Il punto non e’ lo sbatti del passaporto, non e’ nemmeno la complicazione del presunto visto elettronico. Ci sono questioni piu’ complicate e profonde del disagio passeggero dei turisti dal weekend a Londra che, in fondo, uno sforzo per entrare in UK possono pure farlo.
Ma per (noi?) stranieri, che viviamo qua, e che stiamo cercando di costruirci un pezzo di vita in Inghilterra, di investire energie, presente e futuro per qualcosa di migliore (e forse nemmeno per qualcosa di migliore, ma semplicemente per qualcosa di diverso?) cosa ne sara’?
Il mio aspetto pratico e’ al limite dell’incredibile. Boris promette Brexit entro fine gennaio. E’ ovvio che non sara’ cosi’, da un giorno all’altro, ma e’ davvero cosi’ ovvio? Lascero’ la nazione per quindici giorni, a ridosso della data: potrei uscire dal paese e rientrarci (forse) sotto una condizione completamente diversa. Le segreterie mi soffocano di email per farmi notare che forse dobbiamo cambiare le date, che tornare a meta’ febbraio puo’ portare a complicazioni: ammettere complicazioni nella mia testa si traduce nel darla vinta alla schizzofrenia di Boris, quindi rilassiamoci.
Eppure, stamattina ho chiamato in comune, mi sono iscritta ai registri.
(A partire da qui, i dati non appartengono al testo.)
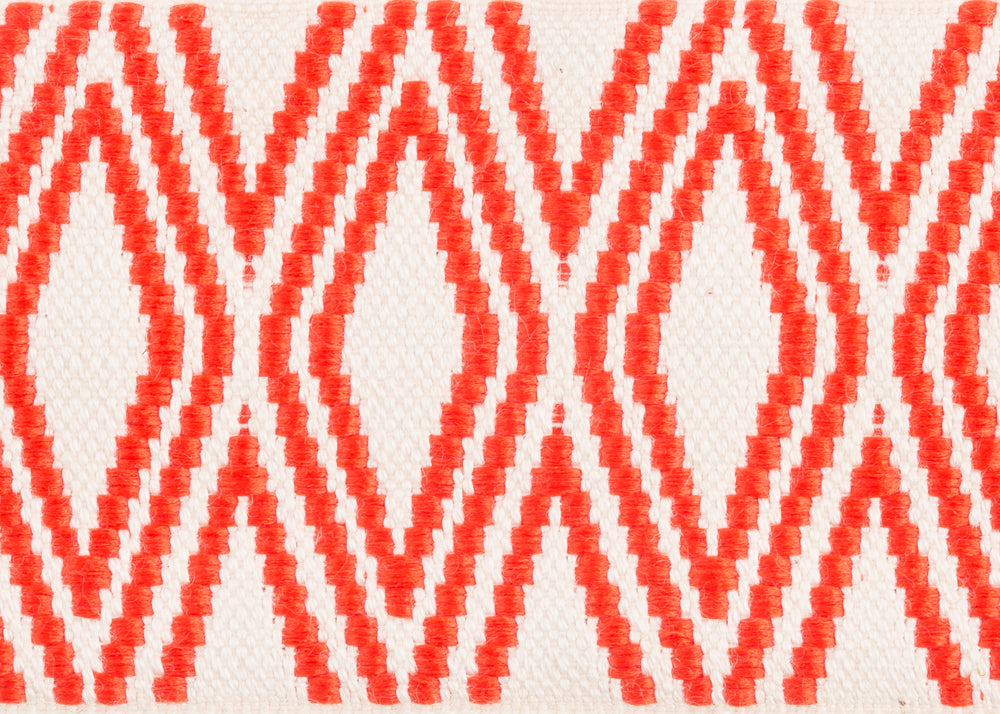 Deep Orange Wide Diamond Trim by Trellis Home with Pyar&Co.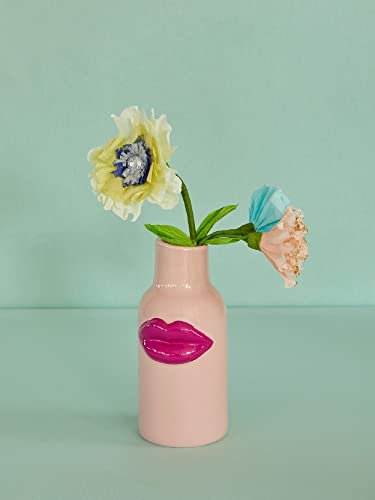 Klein Keramik Vase - Pink von Rice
Poi ho chiamato la previdenza sociale, e ho preso un appuntamento per avere il numero fiscale. Ho controllato di aver caricato tutti i documenti per il pre-settled status. Gliel'ho data vinta.
Ho sentito una necessita’ urgente di veder scritto da qualche parte che non sono una turista, di avere una prova burocratica della mia presenza sul suolo inglese. Mi sono sentita in necessita’ di farmi ingabbiare da un sistema che, nel darti uno status, ti prende tra le sue maglie e ti stritola: perche’ se vuoi stare qui, adattati e dicci cosa sei qua a fare. Mi sono sentita inadeguata nel mio stato marginale, indefinito, che fino a ieri era semplicemente quello di un qualsiasi Cittadino europeo in libera circolazione sul suolo europeo, per entrare in quello di Cittadino europeo in un' Inghilterra in transizione per la Brexit. E’ stato bruttissimo, mi sono sentita totalmente impotente, come se il mio destino dipendesse  veramente da “quelli che stanno in alto”. Mi sono sentita in qualche modo, clandestina, pur senza esserlo.
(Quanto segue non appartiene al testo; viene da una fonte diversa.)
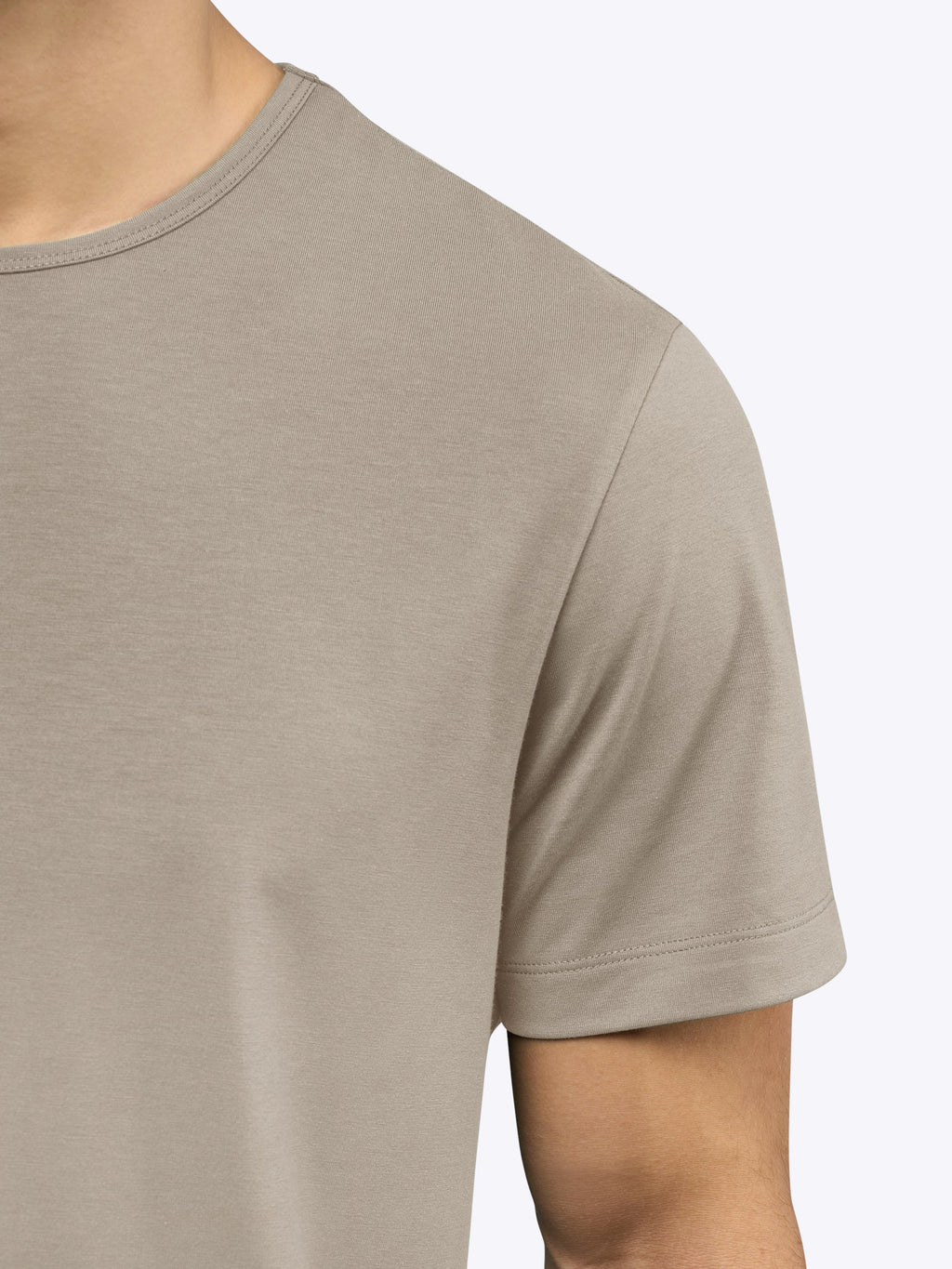 AO Curve-Hem Tee | Pure Cashmere Signature-Fit PYCA Pro®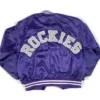 Colorado Rockies 80’s Varsity Purple Jacket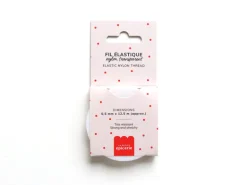 12,5 m de fil élastique nylon 0,5 mm - Transparent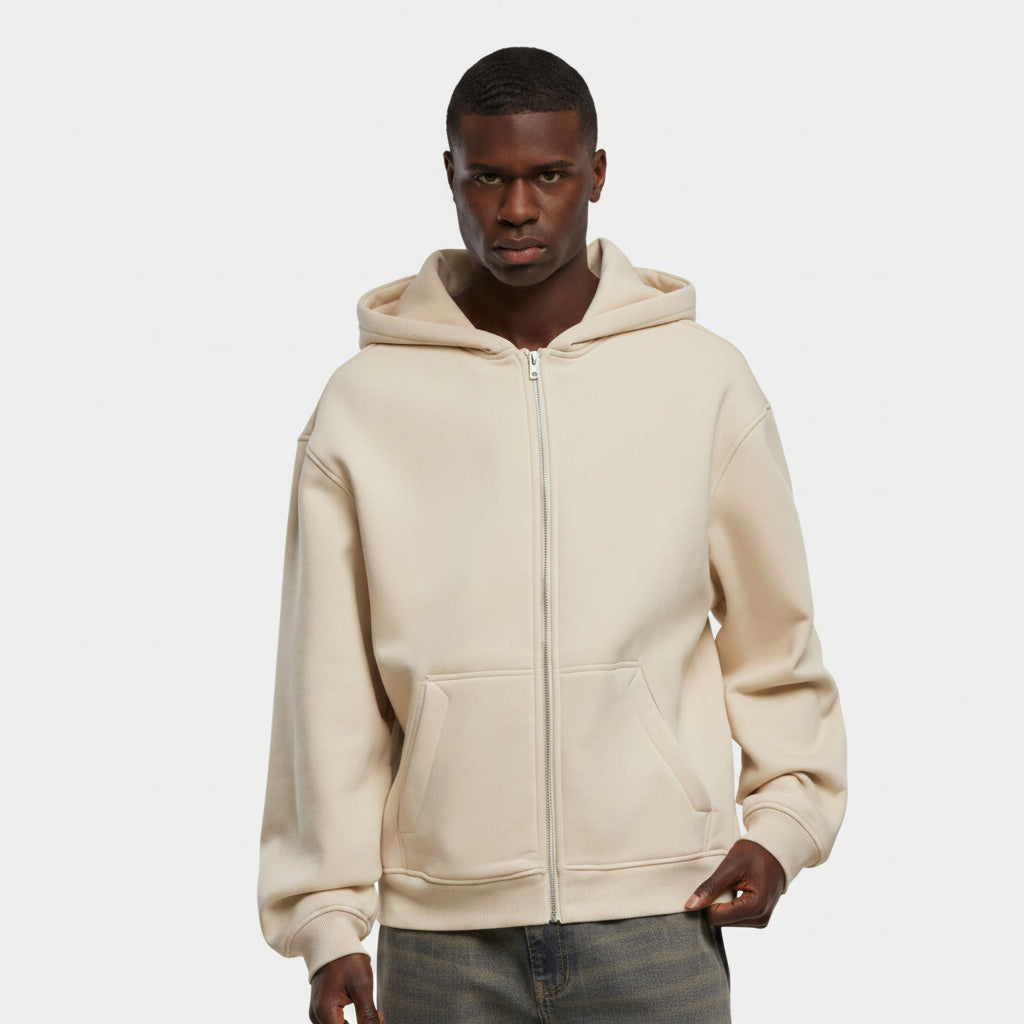 OVERSIZED ZIP HOODY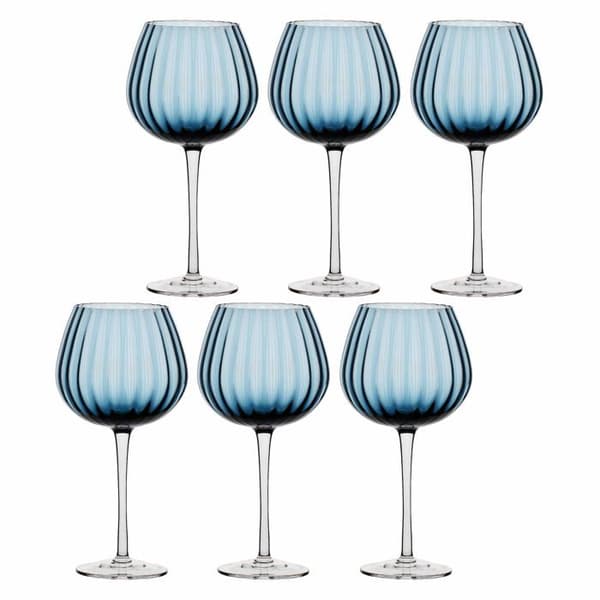 Glas - U20177611A86 - Prismia - Blåst - 460 ml - Blå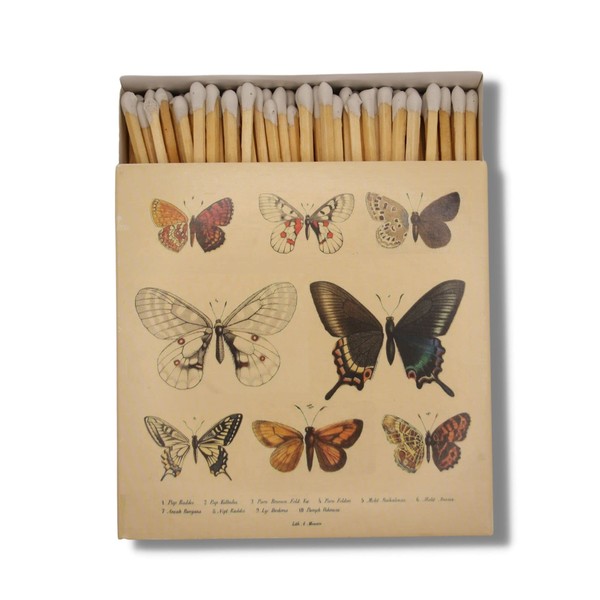 Curator Home Luxury Gift Long Safety Matches | Stylish Botanical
Eppure, e’ stato un momento catartico: non mi sono mai sentita cosi’ vicina a tutti i miei amici non europei che combattono da anni per resistere all'impregnante potere di questa parola: “clandestino”. Una parola che alla fine diventa un’identita’, e non sei tu, ma sei "il clandestino". Ho pensato ai miei amici ingabbiati in Giordania, con un passaporto che e’ carta straccia. E anche ai miei amici africani, che stanno in Italia e sono macinati pure loro dalle maglie di una burocrazia estenuante che li mantiene in uno status indefinito per anni. Che blocca il loro futuro. F-U-T-U-R-O!
Non sono degna di paragonarmi a loro, il mio privilegio da occidentale mi posiziona ancora una volta troppo avanti. Penso tutti i giorni a quanto presente e quanto futuro loro stanno perdendo.
Eppure, in questo flusso di pensieri e nella volonta’ di cercare sempre  un insegnamento utile in cio’ che accade, sono grata a Boris Johnson di avermi insegnato ancora una volta che c'e' solo una cosa da fare. Puo' essere dannatamente difficile, ma: RESISTERE, SEMPRE!